What to do → Each entry has to be copied exactly, with nothing missed.

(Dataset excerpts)
Segment Open

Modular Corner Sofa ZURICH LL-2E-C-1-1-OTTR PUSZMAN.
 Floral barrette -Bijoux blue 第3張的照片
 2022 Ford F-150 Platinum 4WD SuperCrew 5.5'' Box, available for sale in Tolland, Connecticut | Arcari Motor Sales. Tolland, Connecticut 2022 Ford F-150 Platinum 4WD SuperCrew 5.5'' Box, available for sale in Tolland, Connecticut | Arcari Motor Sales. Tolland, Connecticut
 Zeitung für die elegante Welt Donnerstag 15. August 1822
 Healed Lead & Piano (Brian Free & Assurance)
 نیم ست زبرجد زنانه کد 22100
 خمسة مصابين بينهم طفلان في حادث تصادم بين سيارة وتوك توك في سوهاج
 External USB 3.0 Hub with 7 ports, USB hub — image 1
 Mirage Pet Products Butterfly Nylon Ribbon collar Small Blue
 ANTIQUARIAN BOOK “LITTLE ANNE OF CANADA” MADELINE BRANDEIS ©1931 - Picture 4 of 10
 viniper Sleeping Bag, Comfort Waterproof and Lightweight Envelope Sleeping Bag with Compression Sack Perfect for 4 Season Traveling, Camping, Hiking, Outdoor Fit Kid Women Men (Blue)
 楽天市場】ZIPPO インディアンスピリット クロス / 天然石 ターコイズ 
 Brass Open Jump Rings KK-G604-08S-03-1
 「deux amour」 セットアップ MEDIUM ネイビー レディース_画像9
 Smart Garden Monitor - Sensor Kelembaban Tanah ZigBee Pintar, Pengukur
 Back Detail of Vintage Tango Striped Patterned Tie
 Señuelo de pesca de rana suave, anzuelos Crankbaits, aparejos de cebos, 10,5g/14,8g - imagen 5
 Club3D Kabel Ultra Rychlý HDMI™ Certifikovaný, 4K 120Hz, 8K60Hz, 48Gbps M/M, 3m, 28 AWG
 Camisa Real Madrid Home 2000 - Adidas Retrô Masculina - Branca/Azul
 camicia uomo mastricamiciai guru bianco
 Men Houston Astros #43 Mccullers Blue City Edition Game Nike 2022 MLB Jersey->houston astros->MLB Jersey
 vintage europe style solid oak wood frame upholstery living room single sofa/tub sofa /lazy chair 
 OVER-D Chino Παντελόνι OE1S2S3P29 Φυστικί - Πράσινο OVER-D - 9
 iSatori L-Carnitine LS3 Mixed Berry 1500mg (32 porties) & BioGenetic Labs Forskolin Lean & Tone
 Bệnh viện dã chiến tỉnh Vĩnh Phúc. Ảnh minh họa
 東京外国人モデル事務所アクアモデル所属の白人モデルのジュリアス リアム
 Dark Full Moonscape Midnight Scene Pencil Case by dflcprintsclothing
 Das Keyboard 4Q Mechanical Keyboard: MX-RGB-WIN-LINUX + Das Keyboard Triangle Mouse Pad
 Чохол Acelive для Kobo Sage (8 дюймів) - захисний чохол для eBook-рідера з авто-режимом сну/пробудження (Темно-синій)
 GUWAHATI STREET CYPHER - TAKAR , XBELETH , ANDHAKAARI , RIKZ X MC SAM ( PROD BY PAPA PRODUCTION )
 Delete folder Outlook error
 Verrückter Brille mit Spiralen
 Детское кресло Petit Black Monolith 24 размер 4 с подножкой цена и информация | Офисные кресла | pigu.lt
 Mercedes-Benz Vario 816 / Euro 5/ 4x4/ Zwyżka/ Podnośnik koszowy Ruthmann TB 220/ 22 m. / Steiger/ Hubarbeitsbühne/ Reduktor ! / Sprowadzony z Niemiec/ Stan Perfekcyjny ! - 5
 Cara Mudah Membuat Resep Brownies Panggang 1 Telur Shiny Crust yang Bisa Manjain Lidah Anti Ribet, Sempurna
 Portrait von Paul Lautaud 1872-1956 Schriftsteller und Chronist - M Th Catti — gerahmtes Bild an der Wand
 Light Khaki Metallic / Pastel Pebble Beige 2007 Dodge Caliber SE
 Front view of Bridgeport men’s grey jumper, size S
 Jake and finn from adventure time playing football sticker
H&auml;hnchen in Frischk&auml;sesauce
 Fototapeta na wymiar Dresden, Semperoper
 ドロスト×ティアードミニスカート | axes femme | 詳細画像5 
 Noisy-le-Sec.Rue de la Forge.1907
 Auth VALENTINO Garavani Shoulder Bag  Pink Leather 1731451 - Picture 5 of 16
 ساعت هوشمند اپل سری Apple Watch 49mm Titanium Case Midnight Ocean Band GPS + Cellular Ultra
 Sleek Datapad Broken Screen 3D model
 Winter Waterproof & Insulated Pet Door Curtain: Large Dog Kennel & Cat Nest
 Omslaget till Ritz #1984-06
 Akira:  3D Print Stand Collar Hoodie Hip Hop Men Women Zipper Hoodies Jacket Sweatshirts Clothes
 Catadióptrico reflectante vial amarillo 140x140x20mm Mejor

Segment Closed

Answer below →
Modular Corner Sofa ZURICH LL-2E-C-1-1-OTTR PUSZMAN.
 Floral barrette -Bijoux blue 第3張的照片
 2022 Ford F-150 Platinum 4WD SuperCrew 5.5'' Box, available for sale in Tolland, Connecticut | Arcari Motor Sales. Tolland, Connecticut 2022 Ford F-150 Platinum 4WD SuperCrew 5.5'' Box, available for sale in Tolland, Connecticut | Arcari Motor Sales. Tolland, Connecticut
 Zeitung für die elegante Welt Donnerstag 15. August 1822
 Healed Lead & Piano (Brian Free & Assurance)
 نیم ست زبرجد زنانه کد 22100
 خمسة مصابين بينهم طفلان في حادث تصادم بين سيارة وتوك توك في سوهاج
 External USB 3.0 Hub with 7 ports, USB hub — image 1
 Mirage Pet Products Butterfly Nylon Ribbon collar Small Blue
 ANTIQUARIAN BOOK “LITTLE ANNE OF CANADA” MADELINE BRANDEIS ©1931 - Picture 4 of 10
 viniper Sleeping Bag, Comfort Waterproof and Lightweight Envelope Sleeping Bag with Compression Sack Perfect for 4 Season Traveling, Camping, Hiking, Outdoor Fit Kid Women Men (Blue)
 楽天市場】ZIPPO インディアンスピリット クロス / 天然石 ターコイズ 
 Brass Open Jump Rings KK-G604-08S-03-1
 「deux amour」 セットアップ MEDIUM ネイビー レディース_画像9
 Smart Garden Monitor - Sensor Kelembaban Tanah ZigBee Pintar, Pengukur
 Back Detail of Vintage Tango Striped Patterned Tie
 Señuelo de pesca de rana suave, anzuelos Crankbaits, aparejos de cebos, 10,5g/14,8g - imagen 5
 Club3D Kabel Ultra Rychlý HDMI™ Certifikovaný, 4K 120Hz, 8K60Hz, 48Gbps M/M, 3m, 28 AWG
 Camisa Real Madrid Home 2000 - Adidas Retrô Masculina - Branca/Azul
 camicia uomo mastricamiciai guru bianco
 Men Houston Astros #43 Mccullers Blue City Edition Game Nike 2022 MLB Jersey->houston astros->MLB Jersey
 vintage europe style solid oak wood frame upholstery living room single sofa/tub sofa /lazy chair 
 OVER-D Chino Παντελόνι OE1S2S3P29 Φυστικί - Πράσινο OVER-D - 9
 iSatori L-Carnitine LS3 Mixed Berry 1500mg (32 porties) & BioGenetic Labs Forskolin Lean & Tone
 Bệnh viện dã chiến tỉnh Vĩnh Phúc. Ảnh minh họa
 東京外国人モデル事務所アクアモデル所属の白人モデルのジュリアス リアム
 Dark Full Moonscape Midnight Scene Pencil Case by dflcprintsclothing
 Das Keyboard 4Q Mechanical Keyboard: MX-RGB-WIN-LINUX + Das Keyboard Triangle Mouse Pad
 Чохол Acelive для Kobo Sage (8 дюймів) - захисний чохол для eBook-рідера з авто-режимом сну/пробудження (Темно-синій)
 GUWAHATI STREET CYPHER - TAKAR , XBELETH , ANDHAKAARI , RIKZ X MC SAM ( PROD BY PAPA PRODUCTION )
 Delete folder Outlook error
 Verrückter Brille mit Spiralen
 Детское кресло Petit Black Monolith 24 размер 4 с подножкой цена и информация | Офисные кресла | pigu.lt
 Mercedes-Benz Vario 816 / Euro 5/ 4x4/ Zwyżka/ Podnośnik koszowy Ruthmann TB 220/ 22 m. / Steiger/ Hubarbeitsbühne/ Reduktor ! / Sprowadzony z Niemiec/ Stan Perfekcyjny ! - 5
 Cara Mudah Membuat Resep Brownies Panggang 1 Telur Shiny Crust yang Bisa Manjain Lidah Anti Ribet, Sempurna
 Portrait von Paul Lautaud 1872-1956 Schriftsteller und Chronist - M Th Catti — gerahmtes Bild an der Wand
 Light Khaki Metallic / Pastel Pebble Beige 2007 Dodge Caliber SE
 Front view of Bridgeport men’s grey jumper, size S
 Jake and finn from adventure time playing football sticker
H&auml;hnchen in Frischk&auml;sesauce
 Fototapeta na wymiar Dresden, Semperoper
 ドロスト×ティアードミニスカート | axes femme | 詳細画像5 
 Noisy-le-Sec.Rue de la Forge.1907
 Auth VALENTINO Garavani Shoulder Bag  Pink Leather 1731451 - Picture 5 of 16
 ساعت هوشمند اپل سری Apple Watch 49mm Titanium Case Midnight Ocean Band GPS + Cellular Ultra
 Sleek Datapad Broken Screen 3D model
 Winter Waterproof & Insulated Pet Door Curtain: Large Dog Kennel & Cat Nest
 Omslaget till Ritz #1984-06
 Akira:  3D Print Stand Collar Hoodie Hip Hop Men Women Zipper Hoodies Jacket Sweatshirts Clothes
 Catadióptrico reflectante vial amarillo 140x140x20mm Mejor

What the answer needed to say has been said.